In July 2024, Ramlah Sara Rehman successfully defended her MSc thesis with the title „Training Humans for Synthetic Face Image Detection“.
Abstract:
Advancements in generative models for image synthesis have revolutionised the field of computer vision and artificial intelligence. In recent years, generative models have become capable of producing hyperrealistic synthetic images. These synthetic images can be used for nefarious purposes and the prevalence of these images in digital media can have large scale negative implications for individuals and governments. The increased frequency of synthetic content appearing in digital media raises the concern of whether authentic content can be distinguished from the synthetic.

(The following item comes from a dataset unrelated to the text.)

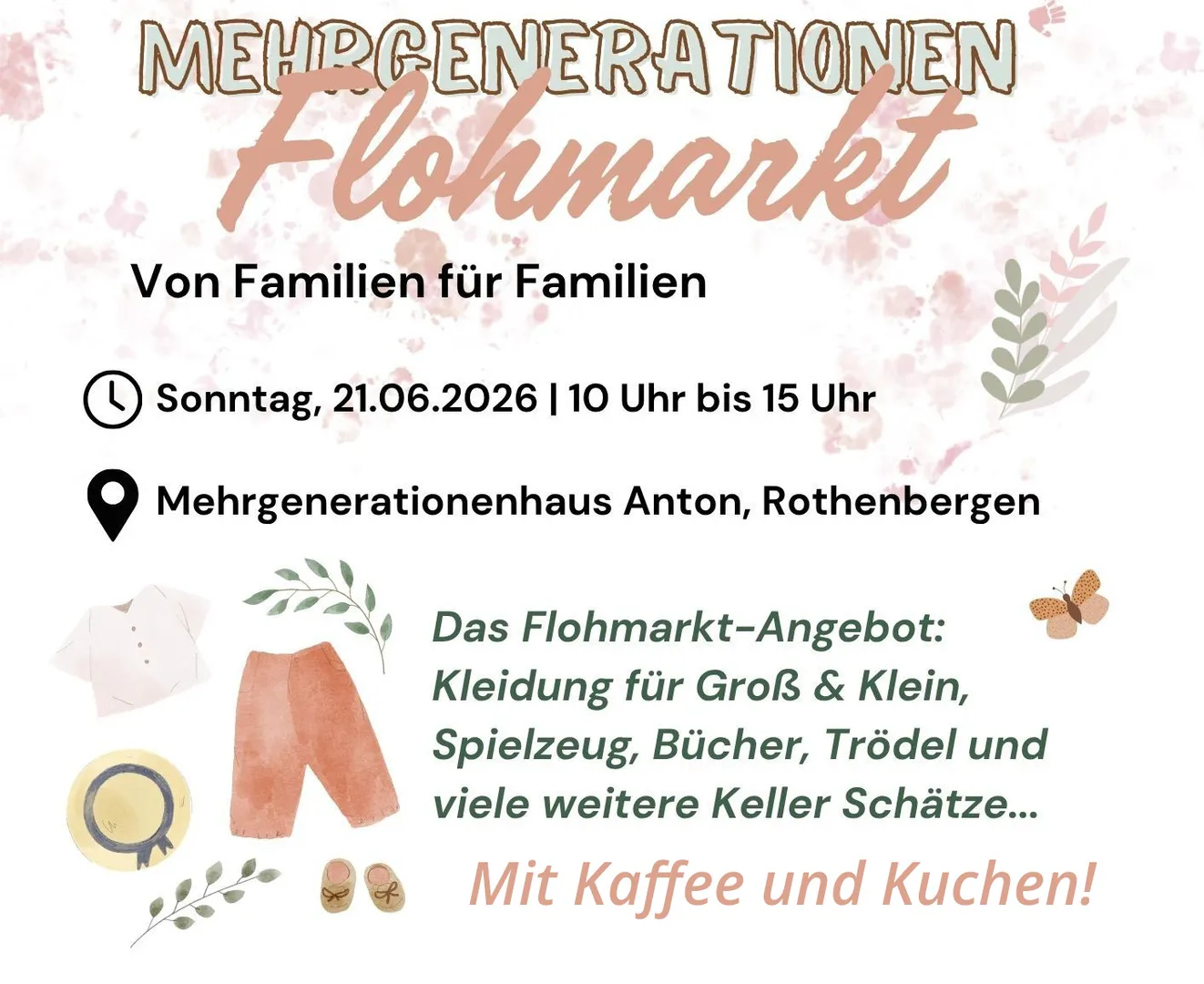 Mehrgenerationen-Flohmarkt mit Kaffee und Kuchen im MGH Anton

This thesis addresses human detection capabilities in distinguishing authentic face images from the synthetic. To test these capabilities, two perceptual experiments are designed and carried out based on principles from experimental psychology and optimal experimental design. Participants are randomly assigned to either the experimental group or the control group. The experimental group receives training halfway through the experiment, while the control group instead receives a coffee break. In one trial of the experiment, participants are presented with a face image, and are then tasked with classifying it as either ’Real’ or ’Synthetic’. Each experiment consists of 32 trials, where face images are presented to participants in a random order. Participants in the experimental group are provided with a training session. This training session is developed based on face perception theories and professional face identification training material. The training session consists of systematic analysis providing participants with a visual face identification strategy. It also includes providing participants with example images where visual artefacts, a consequence of the generation process, appear in synthetic images. Results from the perceptual experiments depict that the experimental group has an improved accuracy of 3.6% after training, compared to 0.2% in the control group. This proves that training resulted in slightly improved accuracy scores, but statistical analysis shows that there is no statistically significant improvement. A discussion of the results explores the limitations of human perception and detection capabilities, particularly in reference to synthetic faces. Future work highlights the continued importance of determining human capability to detect synthetic content in different contexts.